Nihayetinde Başsavcılık olarak yapılan otopsi süreci ve İsimli tıp raporları sonucunda, ölenin Cem Garipoğlu olduğuna ait kanaatlerinin kesin olduğunu, bu mevzudaki tüm incelemelerin yapıldığını söz etti. Evraktaki fotoğraf ve isimli tıp raporları ve DNA incelemeleri sonucunda, ölenin Cem Garipoğlu olduğuna inandıklarını müvekkiller de söz ettiler.”
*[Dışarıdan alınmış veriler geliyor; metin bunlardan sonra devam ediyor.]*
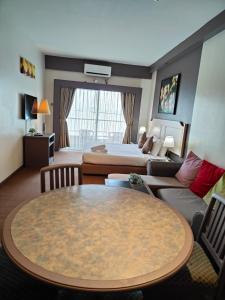 a hotel room with a table and a bed at Seaview Deluxe@Rainbow Paradise Tg Bungah 4pax in Tanjung Bungah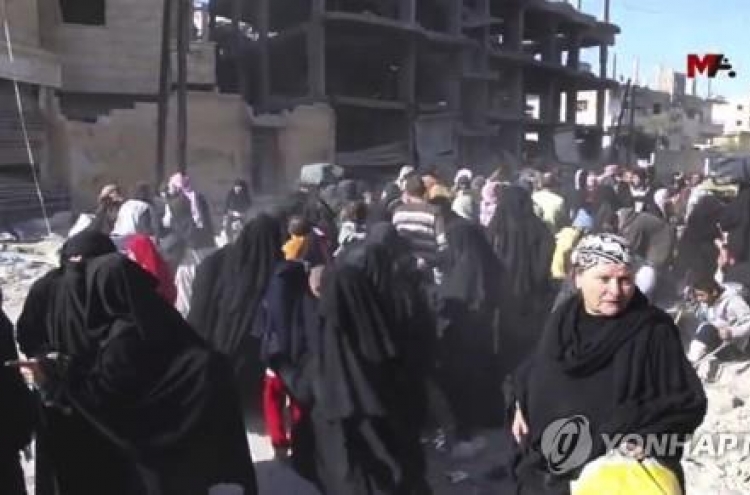 3,000 civilians flee Syria's Raqa under deal: militia spokesman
ANNE DE MEZAR AÇILSIN İSTEDİ

Ortadan geçen 7,5 yıllık süreçte sadece 9 ay kadar evvel, bu hunharca ve vahşice cinayetin işlendiği meskendeki kanepe üzerinde garipoğlu ailesinin fotoğraflarının toplumsal medyada yayınlanması üzerine, anne Nagihan Karabulut ile görüştüklerini belirten Epözdemir “Kendisi mezarın açılması üzere bir kanısının olduğunu tabir etti. Benden türel süreç ile ilgili bilgi aldı.

YABANÎ CİNAYET

Türkiye’yi sarsan ve epeyce konuşulan Münevver Karabulut cinayeti 3 Mart 2009’da Cem Garipoğlu tarafınca gerçekleştirildi. Cem Garipoğlu, Münevver Karabulut’un cesedini testereyle kesimlere ayırarak bir bavul ve gitar çantası ortasında Etiler’deki çöp konteynerine attı.


Cinayetten daha sonra 197 gün kaçmayı başardı. Yargılandığı Bakırköy 4. Ağır Ceza Mahkemesi, 18 Kasım 2011’de 18 yaşından küçük olduğu için Cem Garipoğlu’nu en ağır ceza olan 24 yıl mahpusla cezalandırdı. Silivri 5 Nolu Cezaevinde üç kişilik koğuşta tek başına kalıyordu. 10 Ekim sabahı sayıma gelen gardiyanlar Cem Garipoğlu’nun cansız vücudunu buldular.